**Task objective:**
Of the lines listed below, return exactly those that run from the line containing "1.黄琬巧对 2.神童庄有恭 3.曹植聪慧" through the line containing "Blechschild Hinweis 40x30cm", both included.

**Recorded information:**
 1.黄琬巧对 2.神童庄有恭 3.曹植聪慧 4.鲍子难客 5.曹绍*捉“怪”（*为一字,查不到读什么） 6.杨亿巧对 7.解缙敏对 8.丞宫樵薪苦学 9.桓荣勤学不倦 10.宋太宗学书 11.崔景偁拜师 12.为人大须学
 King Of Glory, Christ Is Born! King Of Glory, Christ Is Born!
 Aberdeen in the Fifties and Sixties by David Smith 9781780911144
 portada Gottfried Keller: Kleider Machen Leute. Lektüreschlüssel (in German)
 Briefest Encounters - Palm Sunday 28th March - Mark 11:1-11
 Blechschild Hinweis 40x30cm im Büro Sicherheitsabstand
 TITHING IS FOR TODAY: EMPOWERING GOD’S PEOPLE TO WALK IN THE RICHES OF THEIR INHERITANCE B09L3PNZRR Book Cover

--

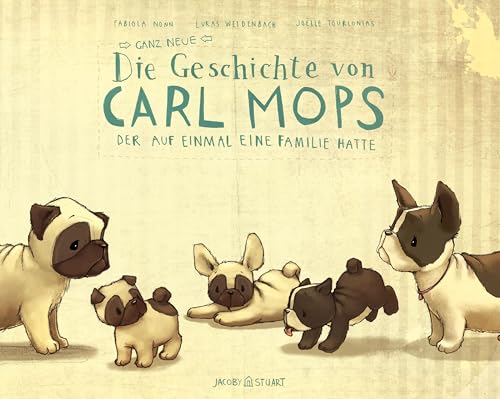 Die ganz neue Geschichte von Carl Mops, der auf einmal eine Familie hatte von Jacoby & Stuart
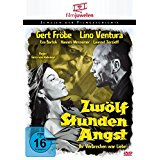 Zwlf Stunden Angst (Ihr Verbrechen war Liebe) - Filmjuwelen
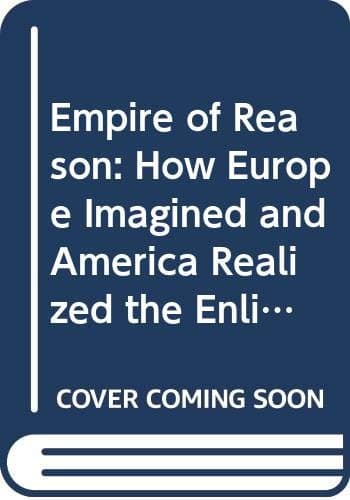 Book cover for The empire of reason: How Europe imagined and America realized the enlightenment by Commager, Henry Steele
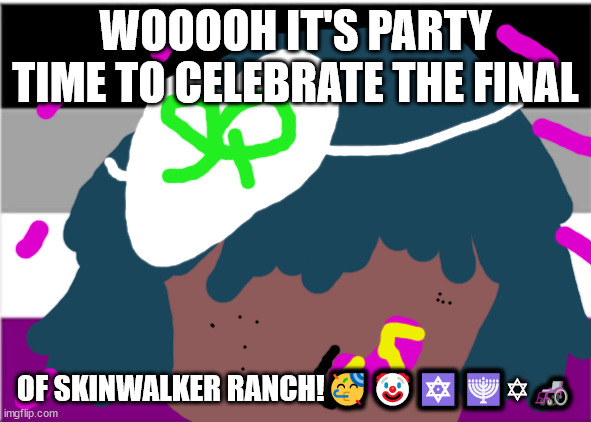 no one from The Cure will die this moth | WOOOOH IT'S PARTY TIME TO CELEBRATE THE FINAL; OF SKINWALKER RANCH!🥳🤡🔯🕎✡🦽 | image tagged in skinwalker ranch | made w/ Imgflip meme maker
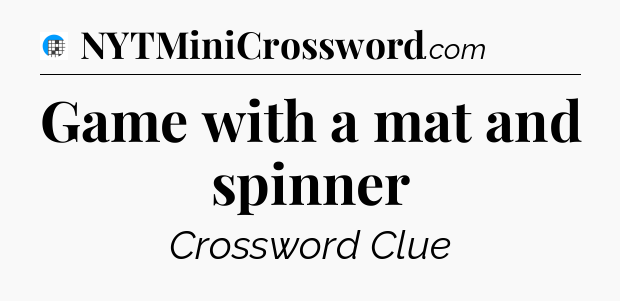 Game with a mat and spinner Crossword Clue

**Expected answer:**
 1.黄琬巧对 2.神童庄有恭 3.曹植聪慧 4.鲍子难客 5.曹绍*捉“怪”（*为一字,查不到读什么） 6.杨亿巧对 7.解缙敏对 8.丞宫樵薪苦学 9.桓荣勤学不倦 10.宋太宗学书 11.崔景偁拜师 12.为人大须学
 King Of Glory, Christ Is Born! King Of Glory, Christ Is Born!
 Aberdeen in the Fifties and Sixties by David Smith 9781780911144
 portada Gottfried Keller: Kleider Machen Leute. Lektüreschlüssel (in German)
 Briefest Encounters - Palm Sunday 28th March - Mark 11:1-11
 Blechschild Hinweis 40x30cm im Büro Sicherheitsabstand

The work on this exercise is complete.